## Exercise goal
Copy out the entire listing, keeping each line exactly as it is.

## Given information
* * * * *
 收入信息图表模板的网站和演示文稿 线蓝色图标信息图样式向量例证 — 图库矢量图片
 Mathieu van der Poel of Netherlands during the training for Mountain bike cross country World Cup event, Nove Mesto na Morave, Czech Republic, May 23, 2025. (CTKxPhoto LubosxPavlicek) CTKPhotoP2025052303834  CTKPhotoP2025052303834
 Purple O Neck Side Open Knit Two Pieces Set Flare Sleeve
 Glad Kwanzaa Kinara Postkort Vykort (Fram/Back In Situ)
* * * * *
## Response to this exercise
 收入信息图表模板的网站和演示文稿 线蓝色图标信息图样式向量例证 — 图库矢量图片
 Mathieu van der Poel of Netherlands during the training for Mountain bike cross country World Cup event, Nove Mesto na Morave, Czech Republic, May 23, 2025. (CTKxPhoto LubosxPavlicek) CTKPhotoP2025052303834  CTKPhotoP2025052303834
 Purple O Neck Side Open Knit Two Pieces Set Flare Sleeve
 Glad Kwanzaa Kinara Postkort Vykort (Fram/Back In Situ)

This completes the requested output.